- Items from a dataset:
☆ ☆ ☆
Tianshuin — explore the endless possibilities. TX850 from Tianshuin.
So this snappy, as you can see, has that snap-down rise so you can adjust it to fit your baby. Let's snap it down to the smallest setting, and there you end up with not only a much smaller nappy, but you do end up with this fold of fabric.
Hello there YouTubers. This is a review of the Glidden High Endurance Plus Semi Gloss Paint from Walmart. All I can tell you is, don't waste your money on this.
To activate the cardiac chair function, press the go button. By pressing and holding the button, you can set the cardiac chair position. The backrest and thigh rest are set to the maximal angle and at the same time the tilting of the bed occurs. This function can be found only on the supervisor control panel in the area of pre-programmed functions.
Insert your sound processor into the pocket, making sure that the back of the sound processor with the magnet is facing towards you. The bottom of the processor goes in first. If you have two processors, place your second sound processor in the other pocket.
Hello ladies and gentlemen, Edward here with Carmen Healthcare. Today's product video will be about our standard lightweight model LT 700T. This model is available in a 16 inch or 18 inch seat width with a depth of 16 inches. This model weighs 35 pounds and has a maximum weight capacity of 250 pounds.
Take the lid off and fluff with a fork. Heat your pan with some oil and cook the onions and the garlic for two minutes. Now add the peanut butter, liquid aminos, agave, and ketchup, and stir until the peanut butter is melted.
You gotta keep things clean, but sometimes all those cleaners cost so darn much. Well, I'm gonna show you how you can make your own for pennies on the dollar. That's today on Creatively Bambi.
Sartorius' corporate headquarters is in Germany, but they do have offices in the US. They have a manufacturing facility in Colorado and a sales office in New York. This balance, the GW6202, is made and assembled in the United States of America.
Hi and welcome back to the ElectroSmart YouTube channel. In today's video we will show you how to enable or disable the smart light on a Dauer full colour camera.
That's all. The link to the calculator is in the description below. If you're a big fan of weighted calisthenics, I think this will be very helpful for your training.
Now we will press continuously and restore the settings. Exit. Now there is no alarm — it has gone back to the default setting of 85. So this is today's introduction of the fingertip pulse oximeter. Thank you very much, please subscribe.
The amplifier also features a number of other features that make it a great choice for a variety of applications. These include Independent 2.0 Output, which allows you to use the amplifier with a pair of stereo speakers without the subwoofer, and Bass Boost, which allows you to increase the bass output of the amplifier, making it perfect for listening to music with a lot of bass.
☆ ☆ ☆
- What to do: Exactly as written, please transcribe the lines from the start of the records above to the line that holds "Hello ladies and", both ends included.

- Task result:
Tianshuin — explore the endless possibilities. TX850 from Tianshuin.
So this snappy, as you can see, has that snap-down rise so you can adjust it to fit your baby. Let's snap it down to the smallest setting, and there you end up with not only a much smaller nappy, but you do end up with this fold of fabric.
Hello there YouTubers. This is a review of the Glidden High Endurance Plus Semi Gloss Paint from Walmart. All I can tell you is, don't waste your money on this.
To activate the cardiac chair function, press the go button. By pressing and holding the button, you can set the cardiac chair position. The backrest and thigh rest are set to the maximal angle and at the same time the tilting of the bed occurs. This function can be found only on the supervisor control panel in the area of pre-programmed functions.
Insert your sound processor into the pocket, making sure that the back of the sound processor with the magnet is facing towards you. The bottom of the processor goes in first. If you have two processors, place your second sound processor in the other pocket.
Hello ladies and gentlemen, Edward here with Carmen Healthcare. Today's product video will be about our standard lightweight model LT 700T. This model is available in a 16 inch or 18 inch seat width with a depth of 16 inches. This model weighs 35 pounds and has a maximum weight capacity of 250 pounds.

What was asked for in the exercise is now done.